Given data
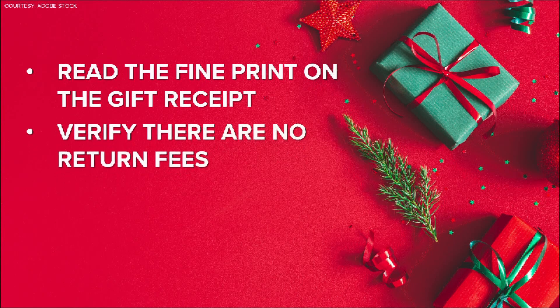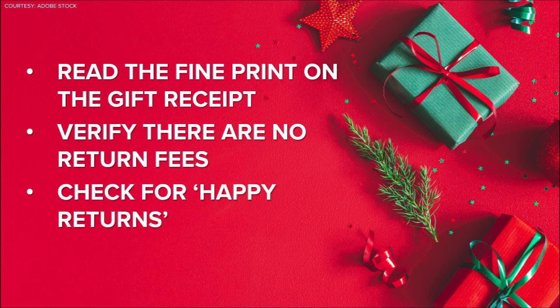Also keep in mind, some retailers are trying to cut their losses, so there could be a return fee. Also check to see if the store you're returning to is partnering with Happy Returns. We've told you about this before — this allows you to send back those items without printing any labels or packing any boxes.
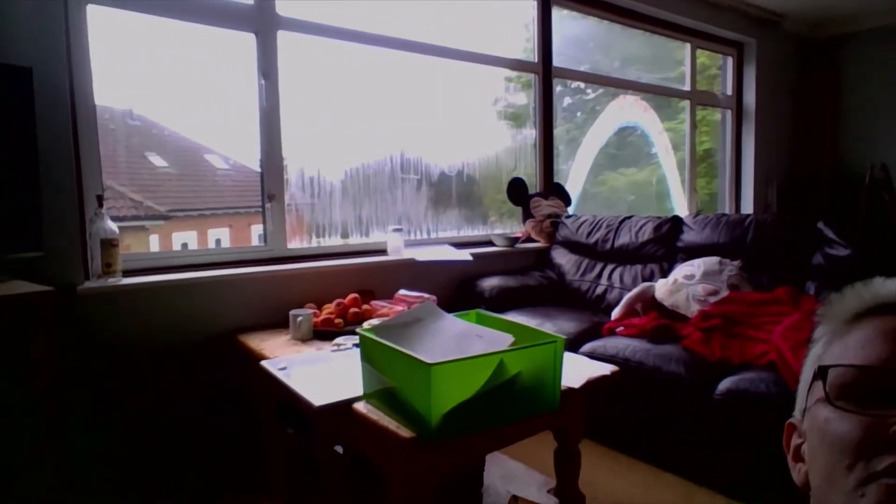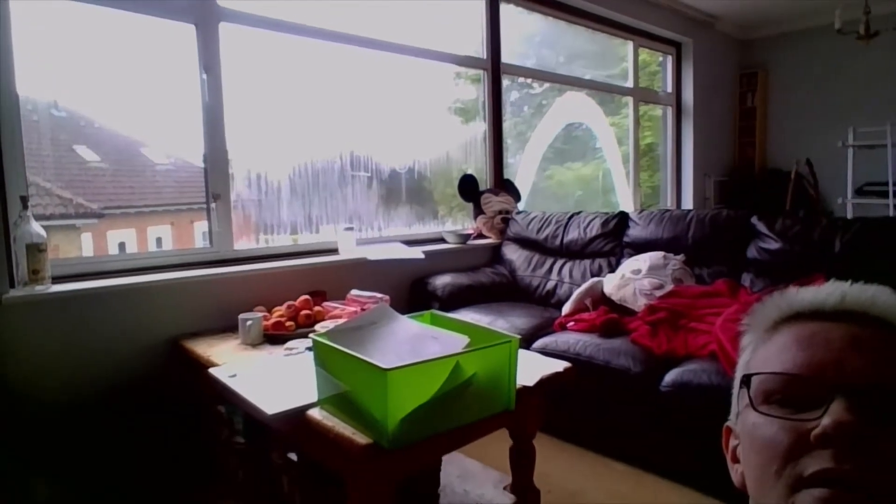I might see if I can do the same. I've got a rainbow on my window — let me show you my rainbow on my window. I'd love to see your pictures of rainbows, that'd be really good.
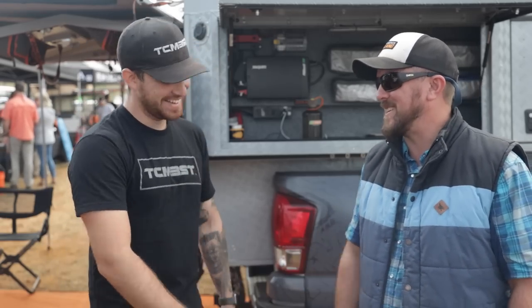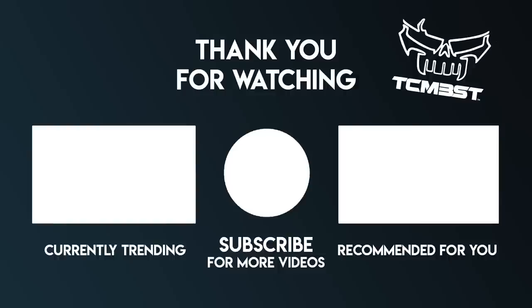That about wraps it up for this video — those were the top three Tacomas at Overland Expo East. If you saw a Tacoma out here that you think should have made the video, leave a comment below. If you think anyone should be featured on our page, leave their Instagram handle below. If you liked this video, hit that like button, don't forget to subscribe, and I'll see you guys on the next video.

Prompt
From the line containing "I might see" through the final line of the listing above, reproduce every line exactly, with no pictures.

Solution to this exercise
I might see if I can do the same. I've got a rainbow on my window — let me show you my rainbow on my window. I'd love to see your pictures of rainbows, that'd be really good.
That about wraps it up for this video — those were the top three Tacomas at Overland Expo East. If you saw a Tacoma out here that you think should have made the video, leave a comment below. If you think anyone should be featured on our page, leave their Instagram handle below. If you liked this video, hit that like button, don't forget to subscribe, and I'll see you guys on the next video.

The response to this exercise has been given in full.